_ABOUT THIS TASK_. Copy the entire listing exactly.

_EXTRACTED MATERIAL_.
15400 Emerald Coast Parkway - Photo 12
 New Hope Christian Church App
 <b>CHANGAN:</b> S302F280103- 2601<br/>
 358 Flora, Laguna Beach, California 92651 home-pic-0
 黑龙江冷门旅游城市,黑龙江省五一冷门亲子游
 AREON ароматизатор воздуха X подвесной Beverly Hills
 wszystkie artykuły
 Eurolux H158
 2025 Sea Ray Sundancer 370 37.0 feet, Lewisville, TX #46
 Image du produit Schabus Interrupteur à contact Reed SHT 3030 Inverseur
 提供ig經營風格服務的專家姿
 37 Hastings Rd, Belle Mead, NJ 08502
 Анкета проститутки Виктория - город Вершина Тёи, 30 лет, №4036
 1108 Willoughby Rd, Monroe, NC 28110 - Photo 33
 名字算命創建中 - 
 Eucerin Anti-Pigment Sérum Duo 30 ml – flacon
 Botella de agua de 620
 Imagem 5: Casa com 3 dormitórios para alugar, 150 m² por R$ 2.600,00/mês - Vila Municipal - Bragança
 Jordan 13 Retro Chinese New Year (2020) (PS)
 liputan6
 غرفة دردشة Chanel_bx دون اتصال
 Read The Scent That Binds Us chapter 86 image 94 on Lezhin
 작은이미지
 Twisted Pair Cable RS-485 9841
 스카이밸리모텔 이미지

_EXERCISE SOLUTION_.
15400 Emerald Coast Parkway - Photo 12
 New Hope Christian Church App
 <b>CHANGAN:</b> S302F280103- 2601<br/>
 358 Flora, Laguna Beach, California 92651 home-pic-0
 黑龙江冷门旅游城市,黑龙江省五一冷门亲子游
 AREON ароматизатор воздуха X подвесной Beverly Hills
 wszystkie artykuły
 Eurolux H158
 2025 Sea Ray Sundancer 370 37.0 feet, Lewisville, TX #46
 Image du produit Schabus Interrupteur à contact Reed SHT 3030 Inverseur
 提供ig經營風格服務的專家姿
 37 Hastings Rd, Belle Mead, NJ 08502
 Анкета проститутки Виктория - город Вершина Тёи, 30 лет, №4036
 1108 Willoughby Rd, Monroe, NC 28110 - Photo 33
 名字算命創建中 - 
 Eucerin Anti-Pigment Sérum Duo 30 ml – flacon
 Botella de agua de 620
 Imagem 5: Casa com 3 dormitórios para alugar, 150 m² por R$ 2.600,00/mês - Vila Municipal - Bragança
 Jordan 13 Retro Chinese New Year (2020) (PS)
 liputan6
 غرفة دردشة Chanel_bx دون اتصال
 Read The Scent That Binds Us chapter 86 image 94 on Lezhin
 작은이미지
 Twisted Pair Cable RS-485 9841
 스카이밸리모텔 이미지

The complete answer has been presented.